A powerful eyewitness account of life in an Indian prison shows how abolition is necessary to achieve a democratic transformation of society.
In May 2007, Arun Ferreira, a democratic rights activist, was picked up at a railway station in western India, detained by the court, and condemned to prison for an expanding list of crimes: criminal conspiracy, murder, possession of arms, and rioting, among others added during his detention.
In one of the most notorious prisons in India, Arun Ferreira was constantly abused and tortured. Over the next several years, each of the ten cases slapped against him fell apart. At long last, Ferreira was acquitted of all charges. As he exited the prison, moments away from freedom, he was rearrested by plainclothes police. He never got to glimpse his family waiting for him just outside the prison gates.
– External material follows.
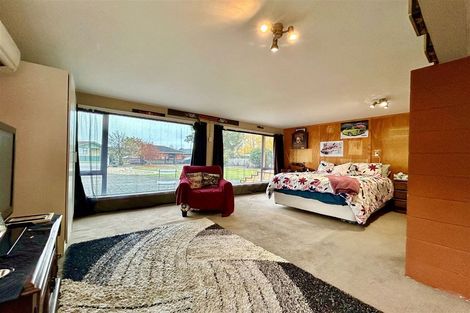 Photo of property in 8 Matai Place, Oxford, 7430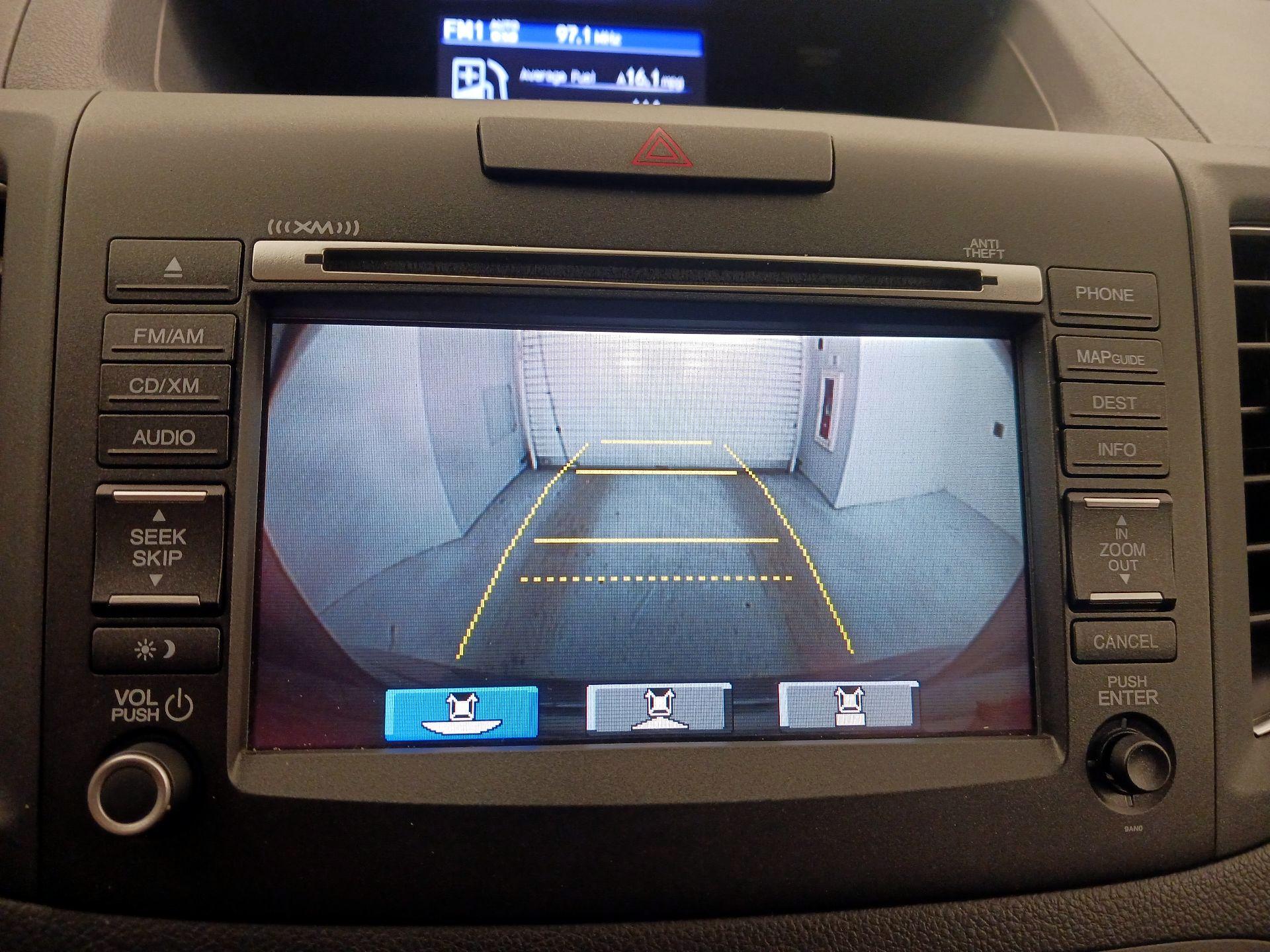 Thumbnail: 2013 Honda CR-V - 15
In stark and riveting detail, Ferreira recounts the horrors he faced in prison—torture, beatings, the general air of hopelessness—and the small consolations that kept hope alive—strikes and solidarity among inmates. His memoir is a timely reminder that across the globe policing and incarceration are institutions in desperate need of being dismantled.
About the Author
Arun Ferreira, a human rights lawyer and member of the Committee for Protection of Democratic Rights, was branded and arrested as the leader of the propaganda and communications wing of the banned Communist Party of India (Maoist) in 2007. He was acquitted of all charges in 2014 only to be re-arrested in a coordinated police crackdown in 2018. He is currently facing a host of charges, including sedition and terrorism under the Unlawful Activities (Prevention) Act, a draconian piece of anti-terror legislation with a wide ambit and vague definition used to target academics, lawyers and human rights defenders expressing dissent.
What People Are Saying
“Colors of the Cage is indispensable for anyone interested in understanding the failures of India’s criminal justice system. Arun Ferreira’s first-hand testimony makes apparent the arbitrary and pernicious nature of the procedures governing the lives of political prisoners often subject to especially unlawful practices. Ferreira conveys with particular force the devastating effects of incarceration on families torn apart and abandoned to an uncertain future. His account of the ruinous effects of post-9/11 anti-terror laws is instructive and applies far beyond the Indian context.” Nermeen Shaikh, Cohost of Democracy Now! and author of The Present as History: Critical Perspectives on Global Power
“In this chilling account of the uses and abuses of the law by agencies of the state, Arun Ferreira describes the harrowing treatment faced by political prisoners in an Indian prison today. Alongside, he provides a deeply moving story of the bonds of solidarity that develop between prisoners from widely separated groups and social strata. This is a very different Discovery of India that demands our attention.” Partha Chatterjee, author of The Black Hole of Empire: History of a Global Practice of Power and I Am the People: Reflections on Popular Sovereignty Today
“While the rightward-plummeting Indian state uses harsh incarceration and charges of ‘anti-national’ to demonize minorities and silence any critics, social justice and human rights activists, journalists, or intellectuals who dare to challenge the cruelly iniquitous realities behind its development propaganda or contradict a brazenly dishonest partisan news media, new waves of resistance rise against India’s ever more openly triumphalist ethnonationalist-majoritarian violence, both physical and administrative. Anyone aware or affected should get the chance to hear from courageous people like Arun Ferreira; his stunning memoir reveals the poignant human texture as well as the political implications of his prison experience. The need for such bearing of witness has only grown more timely. For readers in the West concerned about the rise of global fascism, and especially young readers in the South Asian diaspora seeking connections between their political/cultural contexts, accounts such as this one are crucial.” Maia Ramnath, author of The Haj to Utopia: How the Ghadar Movement Charted Global Radicalism and Attempted to Overthrow the British Empire and Decolonizing Anarchism: An Antiauthoritarian History of India's Liberation Struggle
From the Book
Prior information of officers’ transfers was crucial to predicting our treatment in prison and was often the subject of discussion. Due to archaic prison rules, the subjective whims of prison officials ruled our lives. The power of these officials permeated every aspect of our lives. For instance, only the jailer of the yard could permit an inmate to write more than the single letter per month stipulated in the manual. These discretionary powers made daily life in prison extremely arbitrary. While one jailer would allow a visit to the library, another would ask for the superintendent’s permission to be obtained. While one would allow books and magazines to arrive by post, the other would not. The same went for the superintendent of the prison. While one superintendent encouraged me to pursue academics, his replacement created numerous obstacles. Hence, a reasonable officer on duty was an essential condition for a relatively peaceful incarceration. Transfers of officers would always upset this status quo and force one to get attuned to the desires and tastes of the new man.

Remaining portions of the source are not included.